How to complete this task: Reproduce exactly the lines of this material that begin at the line with "Photo of property" and end at the line with "Foto 32 van Tolgaarderwaard 23", both included. Omit the pictures and everything else.

Record excerpts:
===
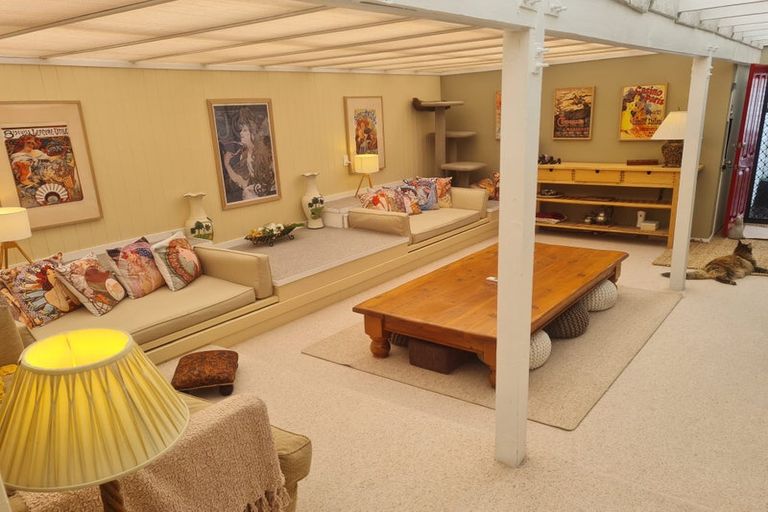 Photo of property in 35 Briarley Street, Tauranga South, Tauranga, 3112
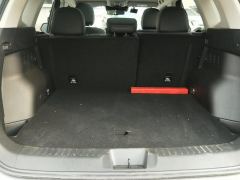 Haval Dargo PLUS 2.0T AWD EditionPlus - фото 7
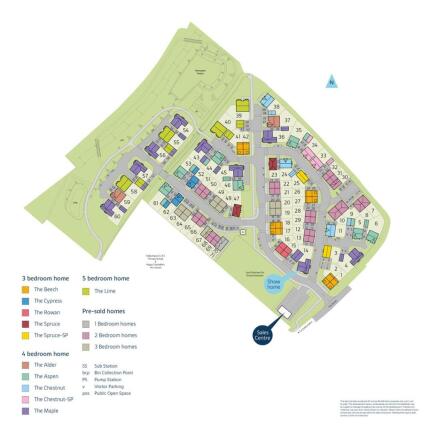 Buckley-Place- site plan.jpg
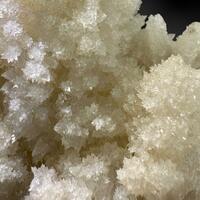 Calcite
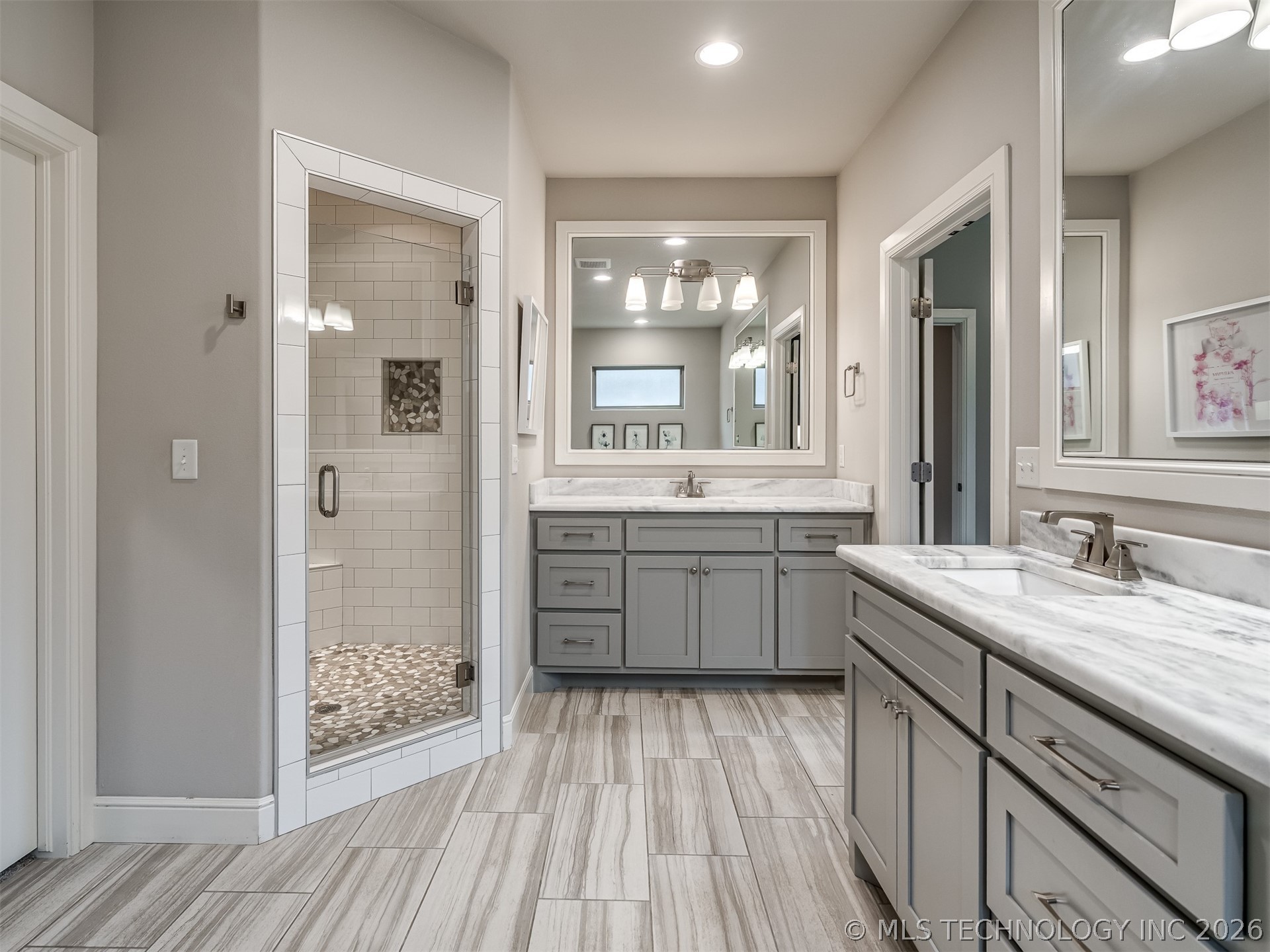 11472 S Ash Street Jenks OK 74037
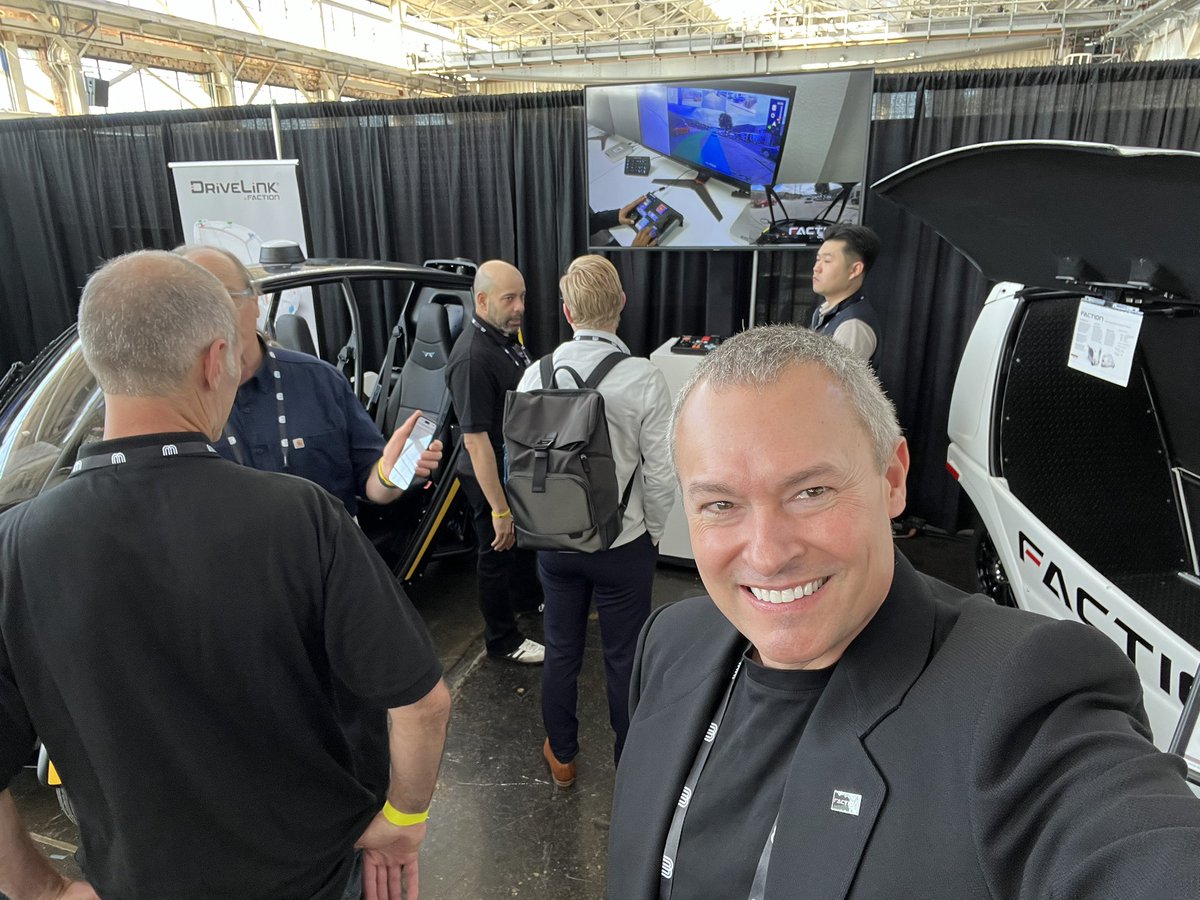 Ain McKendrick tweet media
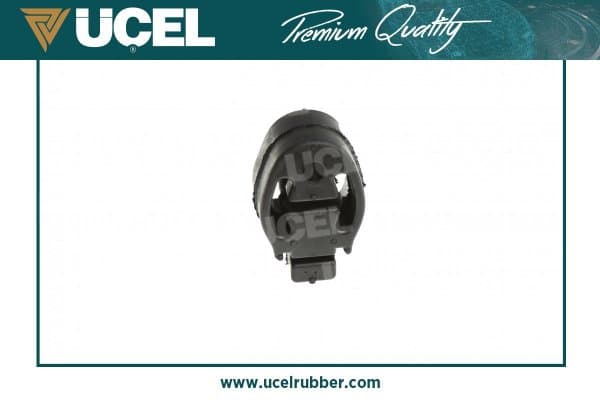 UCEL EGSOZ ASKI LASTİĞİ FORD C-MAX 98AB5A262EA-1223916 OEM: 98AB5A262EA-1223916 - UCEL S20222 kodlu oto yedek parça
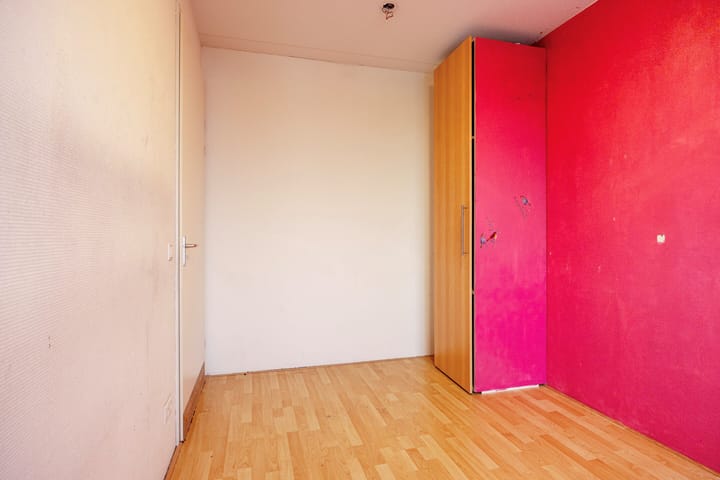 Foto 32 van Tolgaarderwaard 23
===
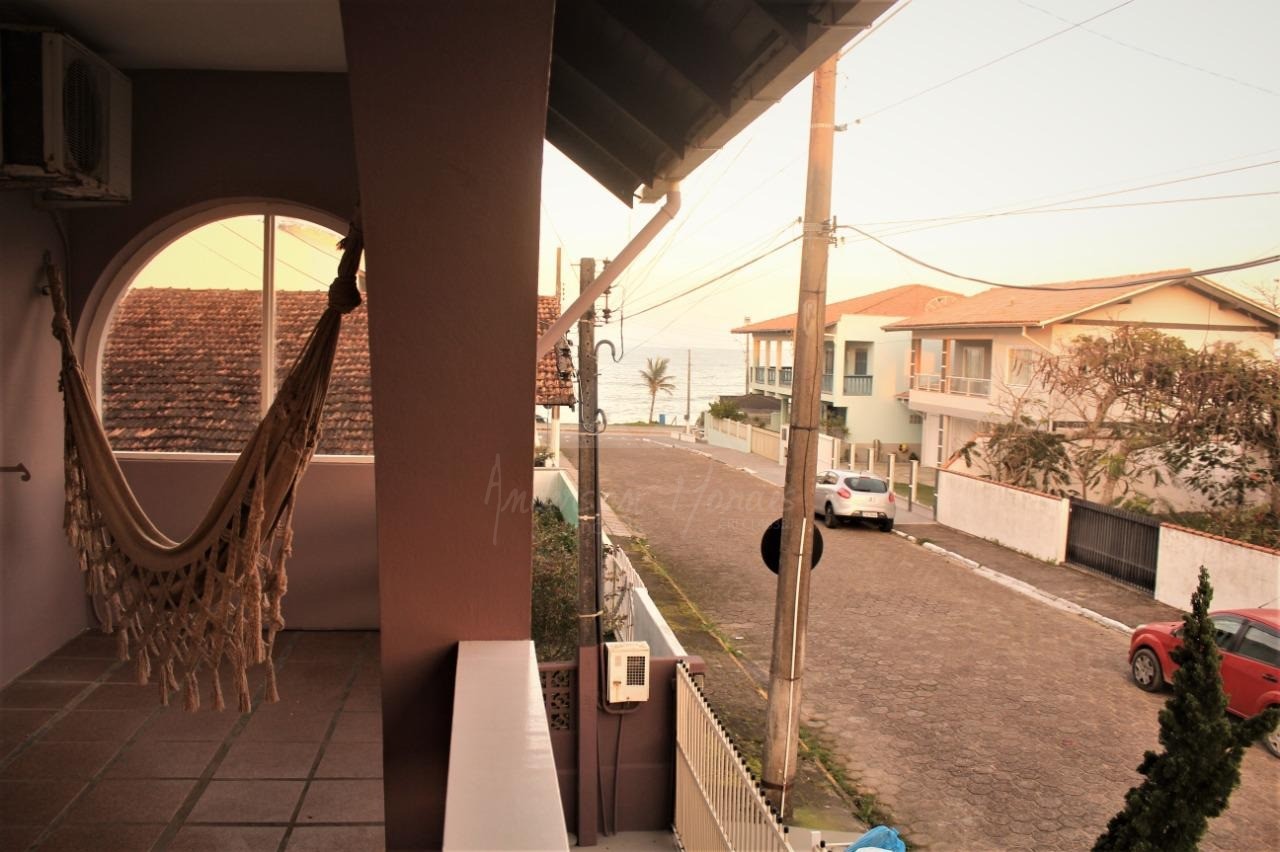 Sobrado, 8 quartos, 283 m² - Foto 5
===
Exercise output:
 Photo of property in 35 Briarley Street, Tauranga South, Tauranga, 3112
 Haval Dargo PLUS 2.0T AWD EditionPlus - фото 7
 Buckley-Place- site plan.jpg
 Calcite
 11472 S Ash Street Jenks OK 74037
 Ain McKendrick tweet media
 UCEL EGSOZ ASKI LASTİĞİ FORD C-MAX 98AB5A262EA-1223916 OEM: 98AB5A262EA-1223916 - UCEL S20222 kodlu oto yedek parça
 Foto 32 van Tolgaarderwaard 23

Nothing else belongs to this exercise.